§ **Directions for this task**: Retype only the lines running from the beginning of the entries below to the line with "Audi A6 S6 C4", both included. Do not include pictures.

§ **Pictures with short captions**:
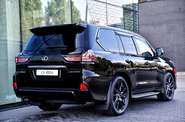 Lexus LX Black Edition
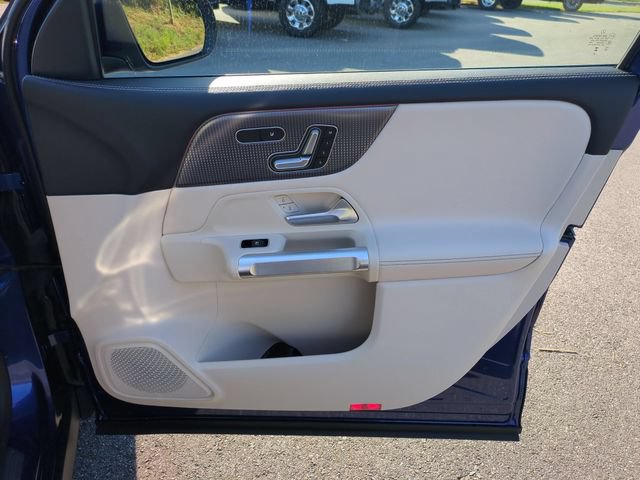 Used 2023 Mercedes-Benz GLB 250 4MATIC w/ Premium Package image 33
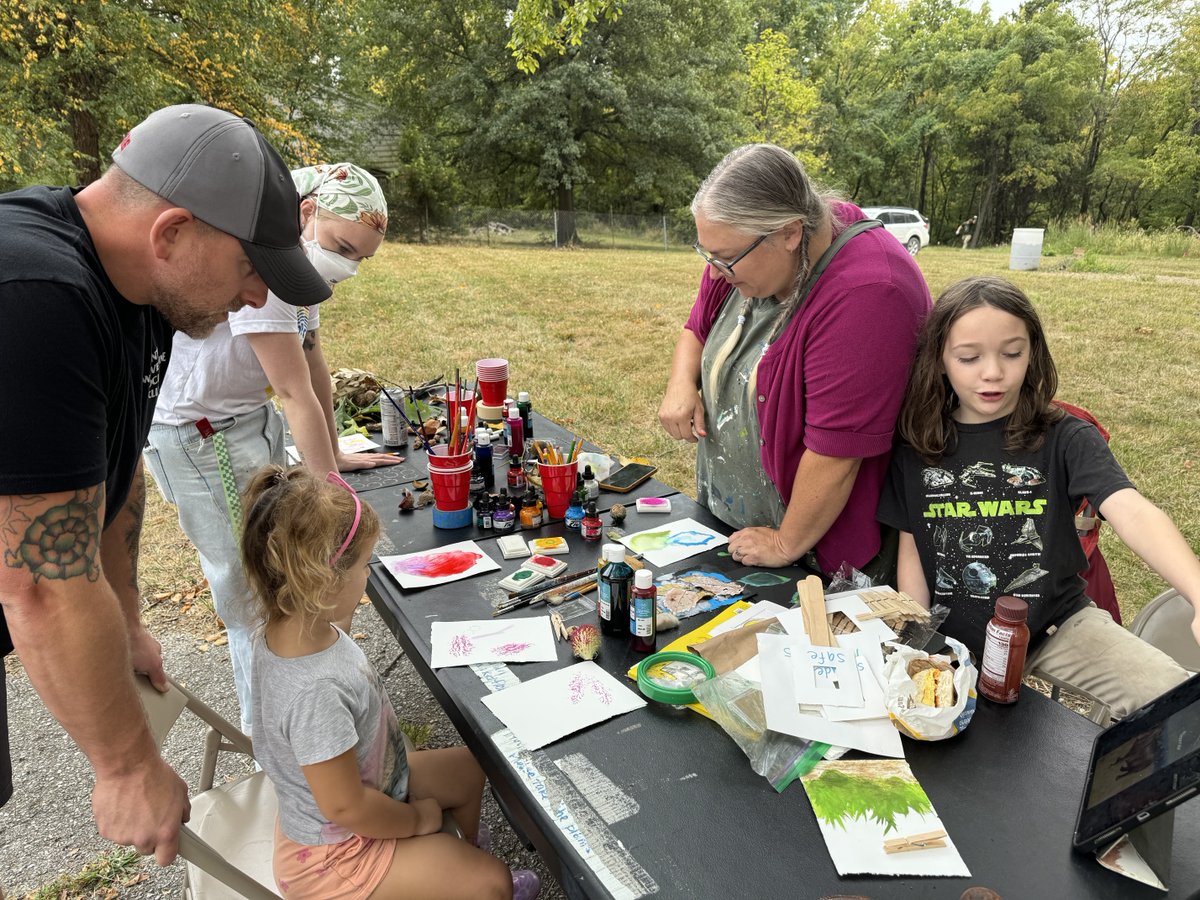 HCA_KC's tweet photo. Join us this Saturday, October 26th, at Heartland Overlook Preserve for a fun-filled morning of family-friendly restoration and exploration! 🌳💚

For details and to register, check out this link: https://t.co/ToZzhoIxH8 https://t.co/XwAHdBqGhD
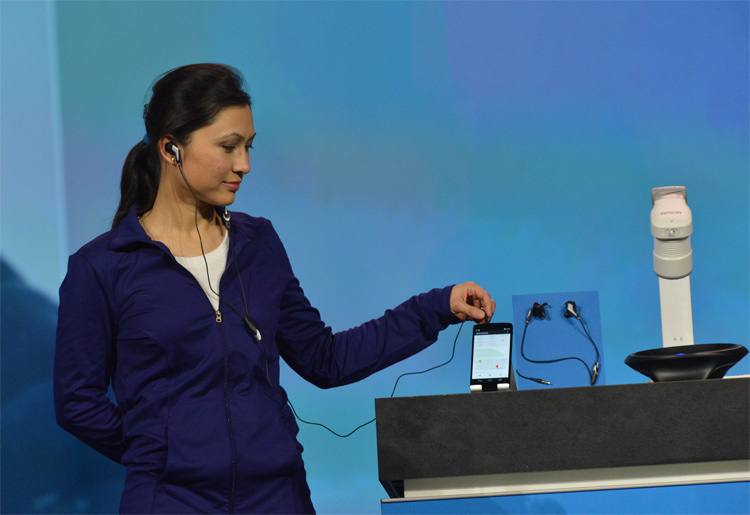 intel smart earbuds 2014 technology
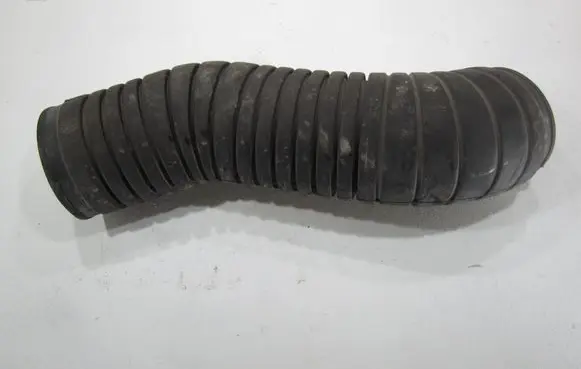 Audi A6 S6 C4 4A Air intake hose/pipe 4A0129627J
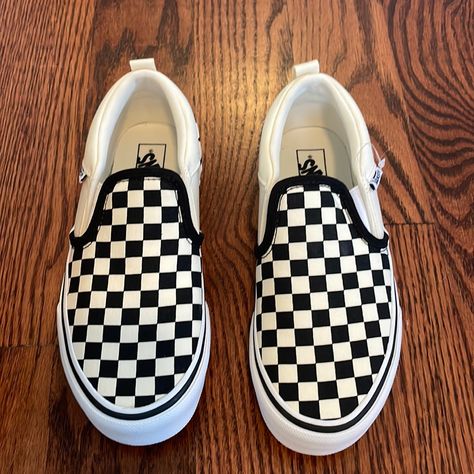 Never Worn In Box Vans Checkered Slip On Size 3 Youth Checkered Vans Outfit, Vans Checkered, Checkered Vans, Vans Outfit, Box Van, Vans Black And White, Shoes Vans, Checker Print, Vans Black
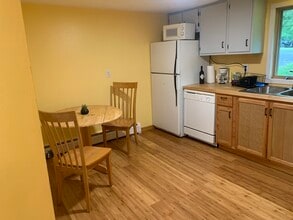 106 Pineview Ter, Unit Apt. in Ithaca, NY - Building Photo - Building Photo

§ **Response to this exercise**:
 Lexus LX Black Edition
 Used 2023 Mercedes-Benz GLB 250 4MATIC w/ Premium Package image 33
 HCA_KC's tweet photo. Join us this Saturday, October 26th, at Heartland Overlook Preserve for a fun-filled morning of family-friendly restoration and exploration! 🌳💚

For details and to register, check out this link: https://t.co/ToZzhoIxH8 https://t.co/XwAHdBqGhD
 intel smart earbuds 2014 technology
 Audi A6 S6 C4 4A Air intake hose/pipe 4A0129627J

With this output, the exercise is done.